▸ **TASK DESCRIPTION**
Output begins at the line with "this 396×600 image." and ends at the last line of the records below. Copy each line in that span exactly, and leave out pictures.

----

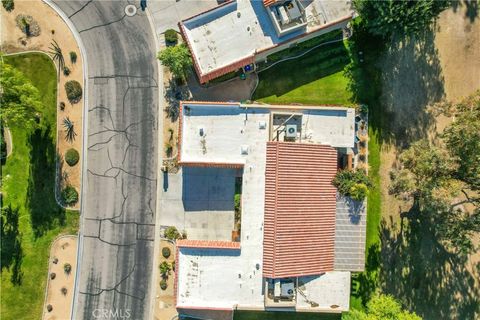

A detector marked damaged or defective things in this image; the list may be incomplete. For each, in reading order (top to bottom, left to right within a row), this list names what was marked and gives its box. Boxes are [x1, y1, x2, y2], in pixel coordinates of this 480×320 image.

cracked pavement [52, 1, 158, 318]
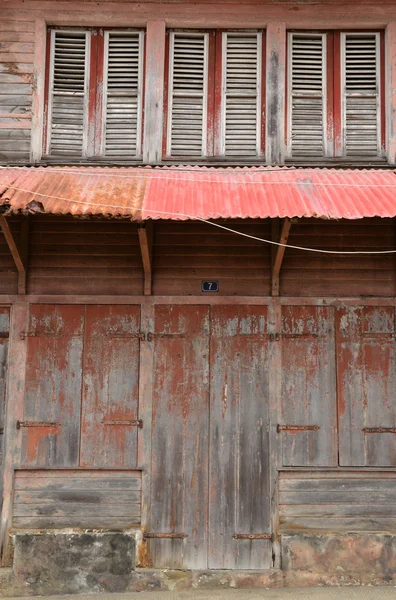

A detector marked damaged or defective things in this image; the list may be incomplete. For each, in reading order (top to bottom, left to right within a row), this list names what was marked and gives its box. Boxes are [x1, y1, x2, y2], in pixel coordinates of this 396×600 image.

rusty red roof panel [0, 165, 396, 219]
rusted metal sheet [2, 165, 396, 221]
rusted metal sheet [20, 304, 83, 468]
rusted metal sheet [79, 304, 141, 468]
rusted metal sheet [149, 308, 210, 568]
rusted metal sheet [209, 308, 270, 568]
rusted metal sheet [280, 308, 336, 466]
rusted metal sheet [336, 308, 396, 466]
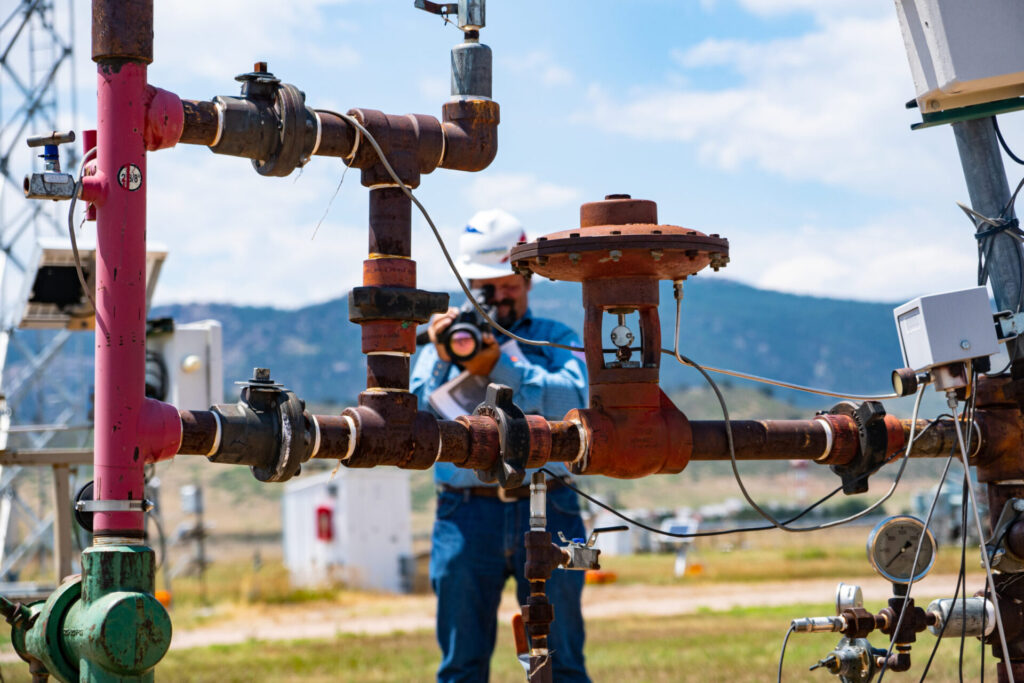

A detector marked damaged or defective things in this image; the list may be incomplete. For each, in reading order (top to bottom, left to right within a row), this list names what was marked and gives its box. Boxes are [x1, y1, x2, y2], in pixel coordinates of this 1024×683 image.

----

▸ **SOLVED PROBLEM**
A detector marked damaged or defective things in this image; the list may be incomplete. For each, in reading order (top to bottom, left to right within a row), this list names what was marked and gives its box. Boxes are [x1, y1, x2, y2], in pixel coordinates of this 396×600 image.

rusty red roof panel [0, 165, 396, 219]
rusted metal sheet [2, 165, 396, 221]
rusted metal sheet [20, 304, 83, 468]
rusted metal sheet [79, 304, 141, 468]
rusted metal sheet [149, 308, 210, 568]
rusted metal sheet [209, 308, 270, 568]
rusted metal sheet [280, 308, 336, 466]
rusted metal sheet [336, 308, 396, 466]

A detector marked damaged or defective things in this image; the list may be incomplete. For each, in reading order (top to bottom, left to right within a row), this list names what was marked and gives its box. Boxes are [x1, y1, x2, y2], in pixel coordinates of this 1024×683 image.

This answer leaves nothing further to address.